__EXERCISE DETAILS__.
Apart from the pictures, every line below is to be set down exactly.

=== PROVIDED DATA ===

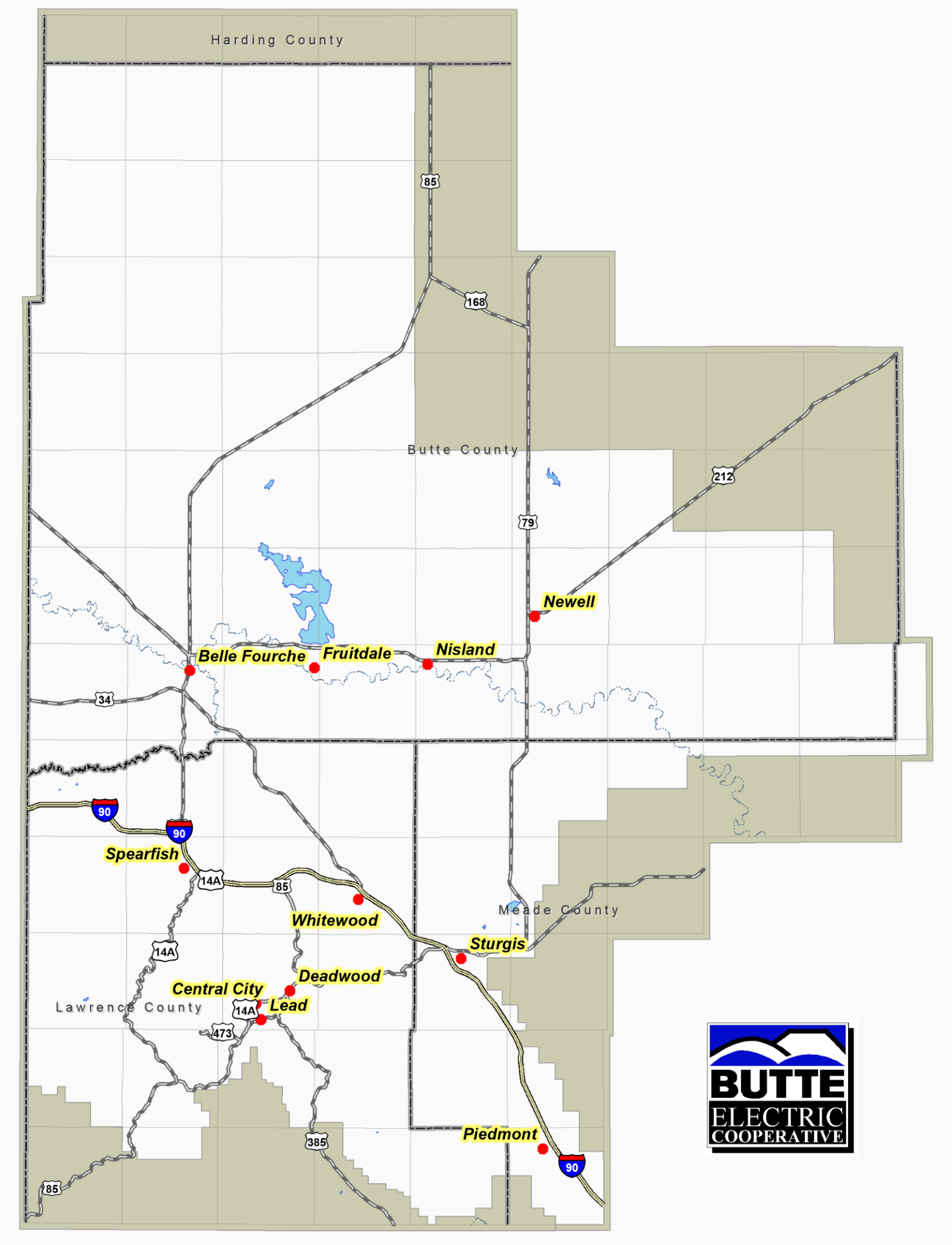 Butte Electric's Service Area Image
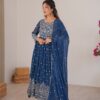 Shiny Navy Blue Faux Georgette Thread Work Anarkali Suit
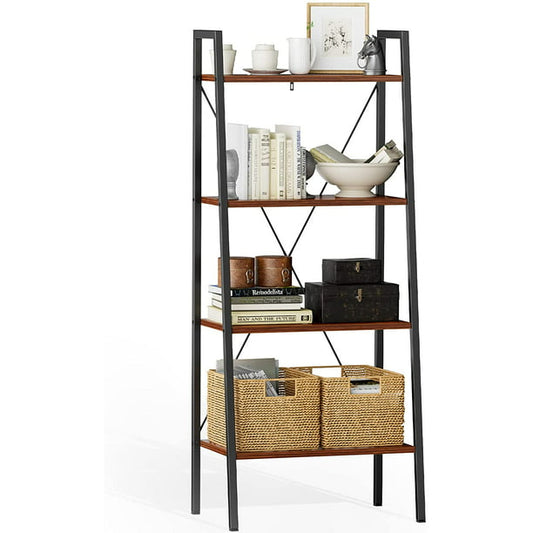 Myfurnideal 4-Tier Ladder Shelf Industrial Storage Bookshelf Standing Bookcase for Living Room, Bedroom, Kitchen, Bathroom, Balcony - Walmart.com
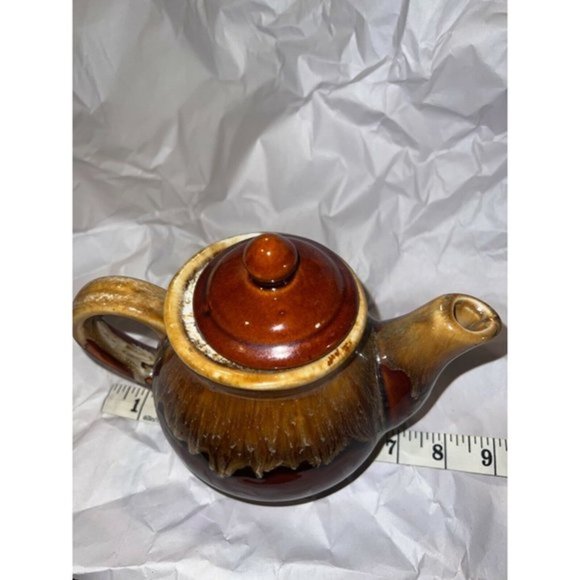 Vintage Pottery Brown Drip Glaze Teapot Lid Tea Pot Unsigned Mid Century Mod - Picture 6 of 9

===

__WRITTEN REPLY__.
 Butte Electric's Service Area Image
 Shiny Navy Blue Faux Georgette Thread Work Anarkali Suit
 Myfurnideal 4-Tier Ladder Shelf Industrial Storage Bookshelf Standing Bookcase for Living Room, Bedroom, Kitchen, Bathroom, Balcony - Walmart.com
 Vintage Pottery Brown Drip Glaze Teapot Lid Tea Pot Unsigned Mid Century Mod - Picture 6 of 9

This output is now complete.